Wednesday, June 15, 2022

all work and maybe more work


One thing I've been thinking about quite a bit the past few months working on my own is the concept of leisure. What is it? Is it important? What legally constitutes leisure activities and what does not? Do hobbies count? Maybe, but what if you're hobbies are in some way like a job? It's especially wrought and all wound up if you are an artist, since so much of your way of being in the world is a kind of work..you are never NOT being an artist, even if it's just thinking like one? 

I remember as a child longing for the sort of job that would be very different from my parents. Both worked long days (sometimes nights for Dad) and would arrive home exhausted, dragging through whatever obligations of the night (cooking, cleaning, mowing the lawn) and then watching tv in the evenings, then going to bed.  My father was, and still is, a reader, so he would augment his watching with reading (  I have not quite been able to double task like this.)  My mom, when she worked in the home babysitting neighborhood kids and relatives, painted endless bisque objects (small figurines but also large pieces like lamps.) Later when she worked as a phone operator/mail person, she was too exhausted to paint and mostly would watch tv. Weekends meant housework and yard work but also things like long drives and camping trips on occasion. 

Granted my own schedules were different from my parents working evenings, but so much of my non-working time over the past 20 years has been devoted to creative work. It guided what I did around my job...either in my mornings at the studio or my late nights and all my weekends. If it wasn't the press and the shop, it was my own creative work. It pretty much guided even what I might have considered leisure...trips to conferences and university visits, readings, and outings with writers.  I had occasional dates, but not frequent enough to feel like something taking a lot of time outside my normal routines. My relationships were guided by stolen time, literally and just in a general sense of  long lunches and midnight movies. Ditto friendships, .most of my friend group were people I worked with in the library or met in the writing community. My relationship of the past few years is someone also trying to balance the same things with multiple gigs and pursuits. (though admittedly as an actor, his are occasionally paid quite a bit more.) 

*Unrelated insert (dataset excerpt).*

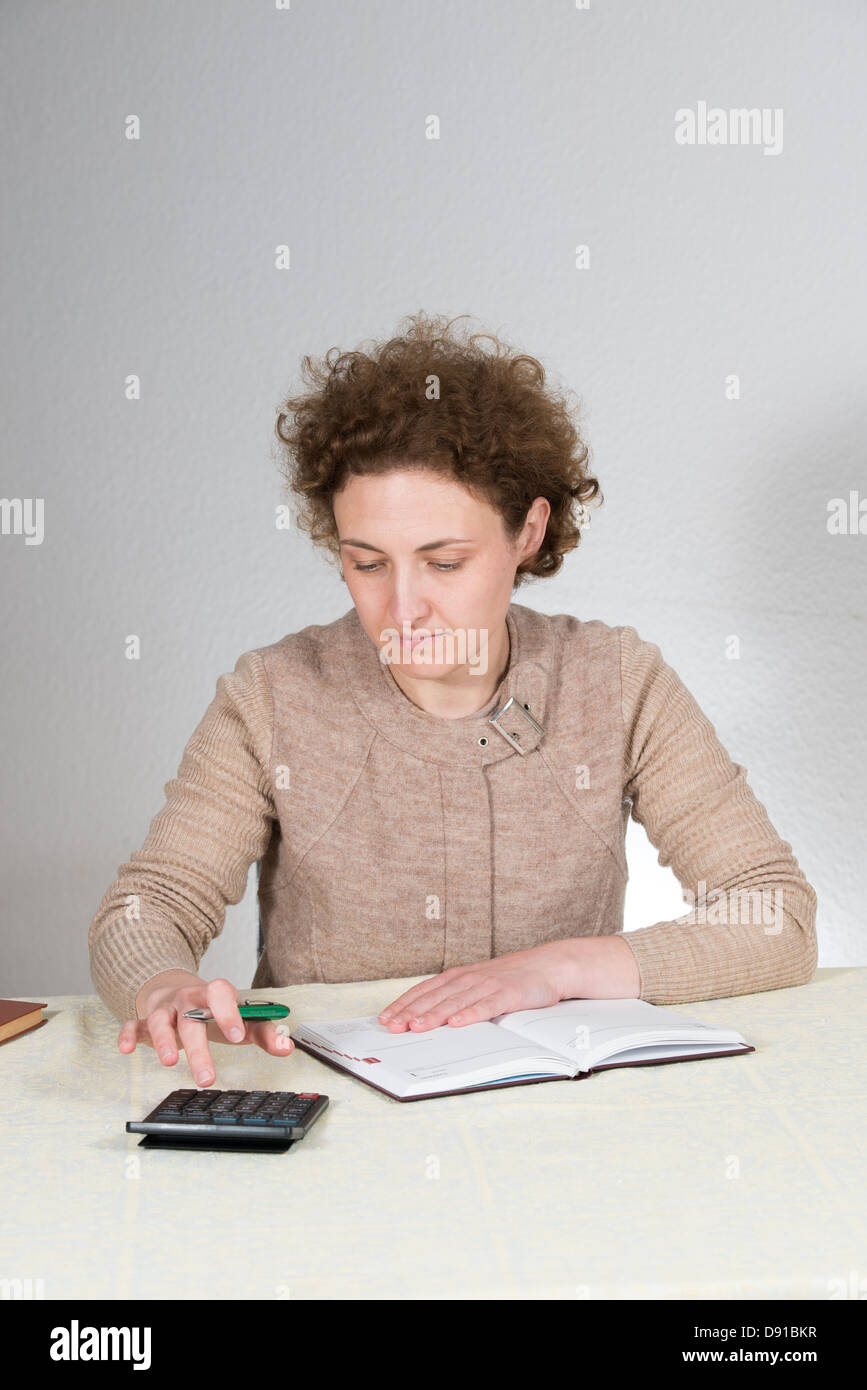 young curly woman works as bookkeeper (accountant) Stock Photo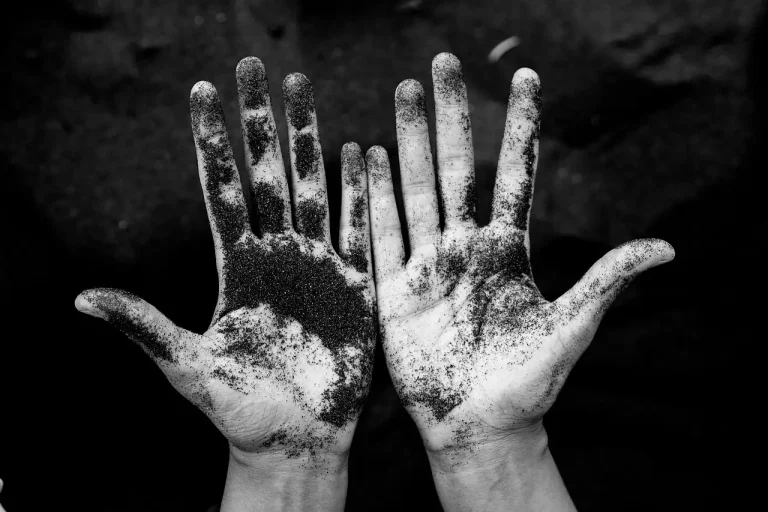 Gardener kneeling in a landscape bed, feeling a handful of moist soil to judge texture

One of the goals of leaving the library was of course to free up time to work on those creative things, or at least, work on creative things  (the content writing work is not the same as poems obviously, but still a kind of writing.) The first few weeks, as I figured out how to structure my days, I was careful to leave time in the evenings after 9pm or so for "liesure" and to block off my weekends. Nights would find me making dinner and maybe doing a little housework, but really, I wasn't quite sure how to spend this new unharried time. I wasn't ready to settle in with a movie or something on streaming.  It was too early for bed.  Shouldn't I be using this time for something productive?  Working on more poems, or maybe working on fiction? Planning social media content? Should actually be trying to squeeze in another paid assignment for extra money?  I did all of these things, but then would chide myself for not taking my new, freer, more leisurely life seriously.  Wasn't I supposed to be having some other kind of workj existence that I always wanted before but couldn't have working a full-time job?

I'm not saying I've figured it out by any means.  Lately, I work later on days devoted to freelancing, so usually finish up well after 10pm depending on when I get up and how quick I progress through assignments.  I'll be starting a new gig with a defined shift, which will give me a bit more structure in terms of needing to be online in 4-5 hour spans a couple times a week. . On press days, I may work a little shorter a shift but I rarely finish before 8 or 9. I give myself permission to keep going if I need to. I spend weekends if I can working on solely writing-related business, editing, and art things, making videos, and polishing the week's daily poems that I write over breakfast usually, though sometimes later if I get swept up in e-mails. . Somehow this feels okay, but then I worry that I traded one kind of overworking for another. But then again, some things that are work feel like leisure. Writing poems, making art. Even book assembly days technically feel liesurely, mostly cause I watch youtube videos while dong it. It also  doesn't quite feel as mentally taxing as layouts or design projects that demand detail-focused energy.

Weekends, though I am painting and making video poems, editing poems and making videos or reels still feels like leisure vs things done directly for money like freelance assignments. (The press and shop falls somewhere in the middle) In so many way, artmaking still feels like leisure except when it doesn't.  This is particularly true, not necessarily in writing or even editing, but more in the writing business side--the submitting and manuscript assembly and answering e-mails portion of it. Otherwise, it's more like play.  Perhaps this sort of quandary is also a necessary one when you make your hobbies side hustles, which I am notorious for on all fronts..(says the girl who once turned even thrifting into selling vintage on Etsy..lol...)

Part of me wonders too, if everyone feels a bit like this during the pandemic, because even had I a huge going out places social life (I did not) any of that would be seriously curtailed now. So much of the complaints I hear of working at home is that it feels like you are always working because very little else naturally breaks it up unless you are super intentional about logging off and tuning out.